Instrumental collaboration

 

There is increasing evidence that measurement of corneal biomechanical properties, especially when combined with corneal tomography-derived data, may provide a better assessment of ectasia risk than tomography alone. Measurement of corneal biomechanics involves assessment of corneal elasticity, viscoelasticity and how the cornea responds to stress.

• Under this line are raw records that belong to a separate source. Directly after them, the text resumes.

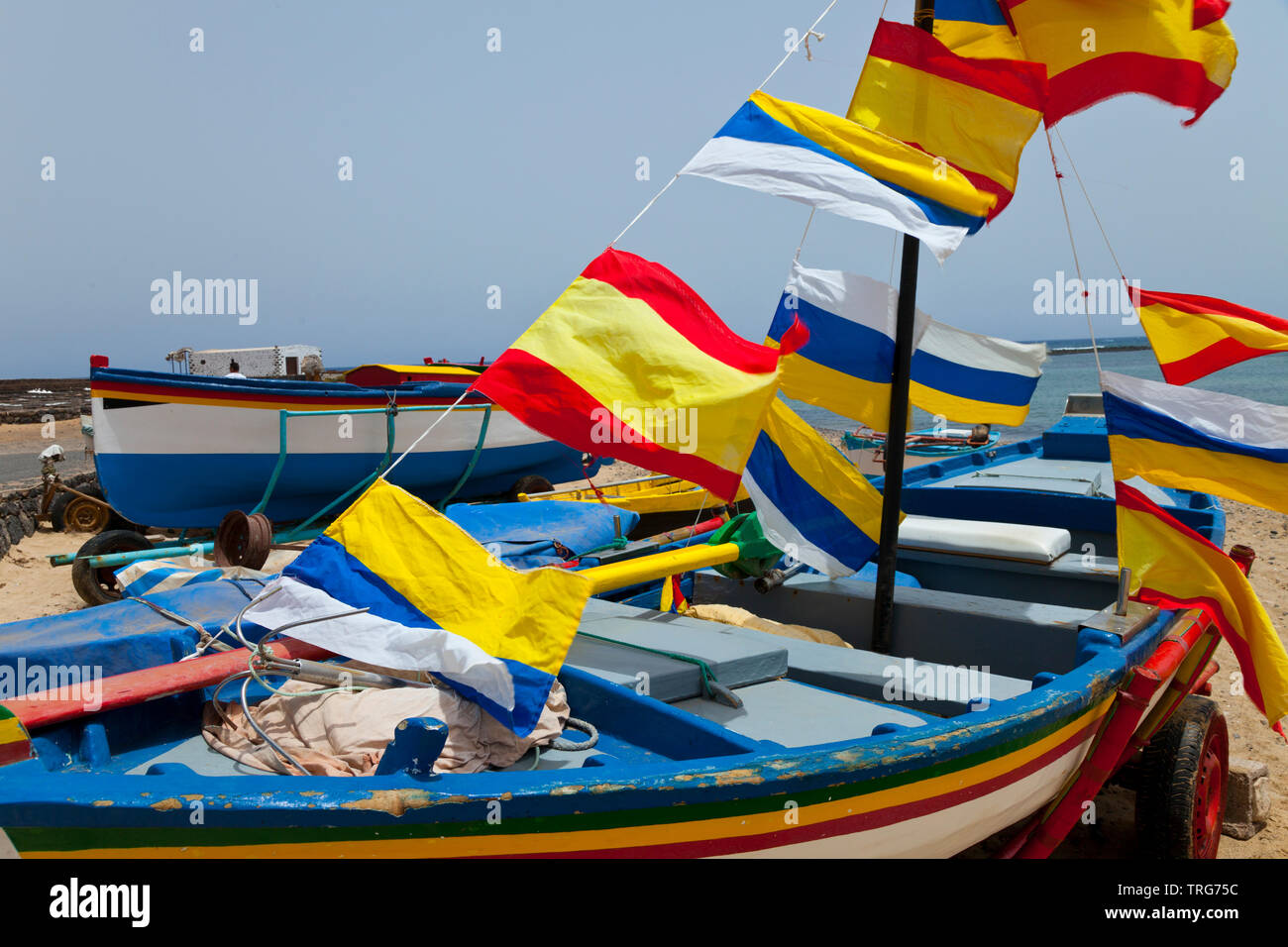 Barcas de pesca. Pueblo Las Salinas del Carmen. Isla Fuerteventura. Provincia Las Palmas. Islas Canarias. España Stock Photo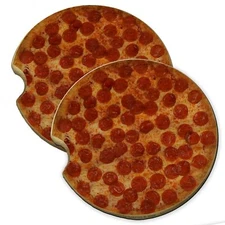 Pizza Wood Car Coaster Gift Set fit Car & Truck Cup Holder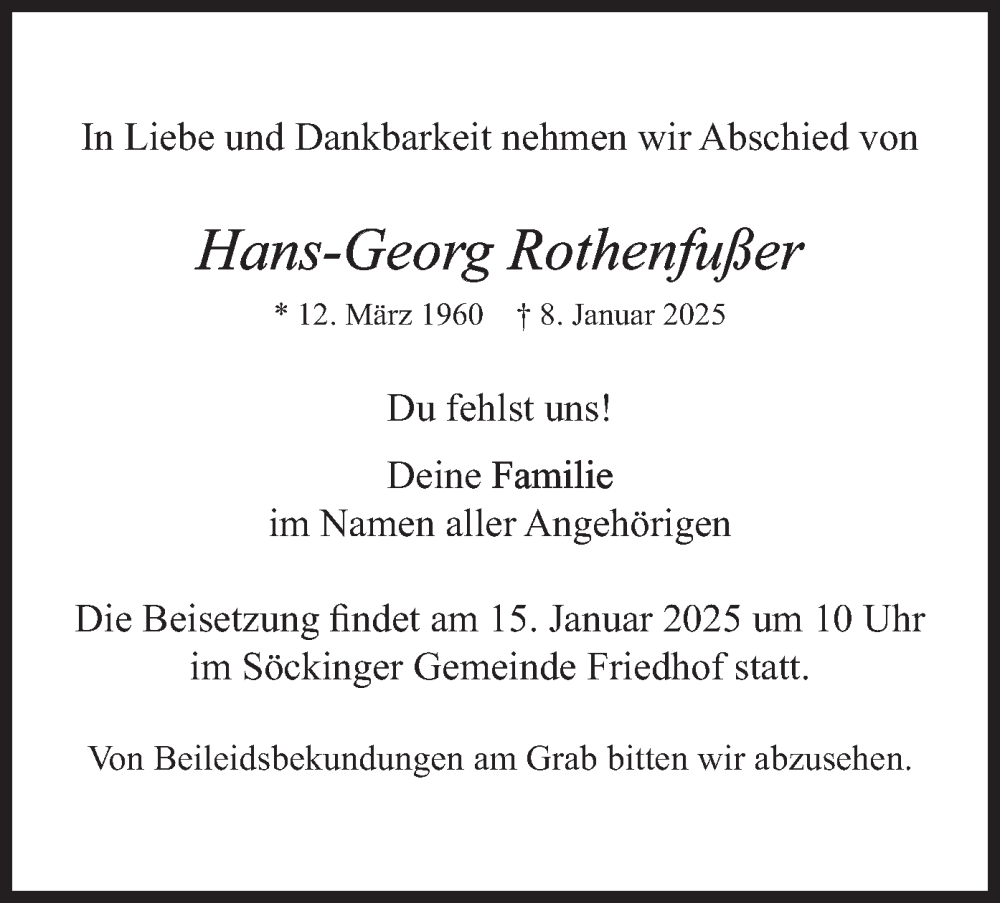  Traueranzeige für Hans-Georg Rothenfußer vom 11.01.2025 aus merkurtz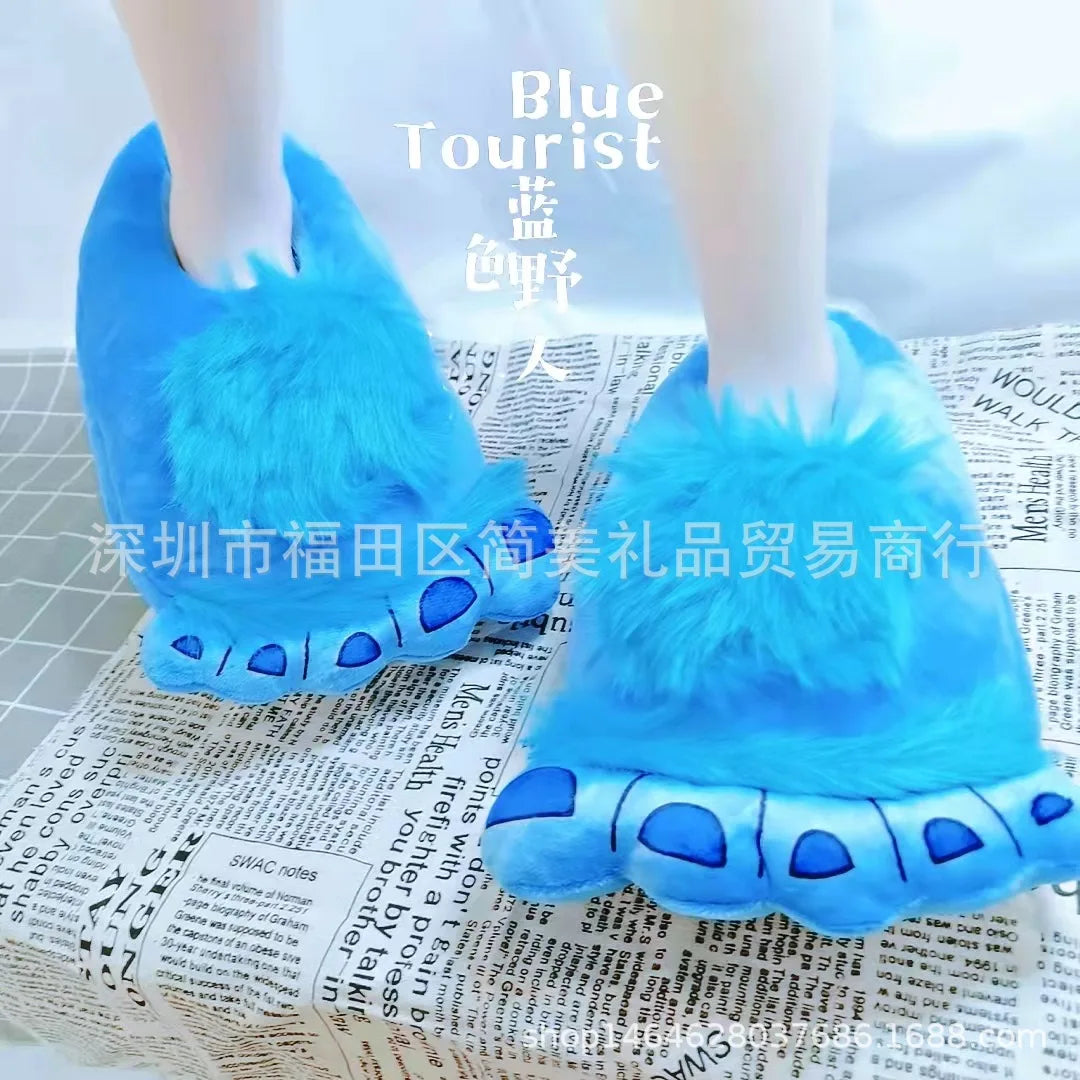 Creative Hobbit Plush Cotton Slippers Men's Large Size Home Use Gift Thick Bottom Warm Shoes Soft Home Slippers for Men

While there are several ways to measure corneal biomechanical properties (including laser interferometry, ocular pulse elastography, Brillouin microscopy and ex-vivo mechanical testing) there are currently only two devices for routine testing in the clinic – the ORA (Ocular Response Analyser) from Reichert, and the Corvis ST (Corneal Visualisation Scheimpflug Technology) from Oculus.

 

Using a machine-learning methodology called Random Forests, Oculus and Brazil’s Professor Renato Ambrosio developed the Biomechanical/Tomographic Assessment, which combines tomographic data from the Pentacam and biomechanical data from the Corvis to produce the tomographic/biomechanical index, or TBI. The TBI has been shown to be an excellent detector of ectasia susceptibility and using it with an appropriate cut-off value should significantly reduce the incidence of ectasia following refractive surgery.

 

Additionally, at Wellington Eye Centre we use AcuSimX software, which employs the Finite Element Analysis (FEA) algorithm engineers use to predict how designs for bridges, large buildings and aircraft will react to real-world forces such as vibration, heat and fluid flow. AcuSimX takes measurements from the Pentacam, the Corvis and the measurements for the planned surgery to predict corneal strength after laser eye surgery. It requires significant computing power and typically takes just over an hour to analyse one cornea.

 

 

Dr Andrew Logan is a consultant ophthalmologist with the Wellington Eye Centre, specialising in the cornea and anterior segment and refractive surgery. He was the first surgeon to perform LASIK surgery in New Zealand in 1995, he introduced SMILE keyhole laser vision correction in 2014 and he continues to explore and introduce new technologies as they become available.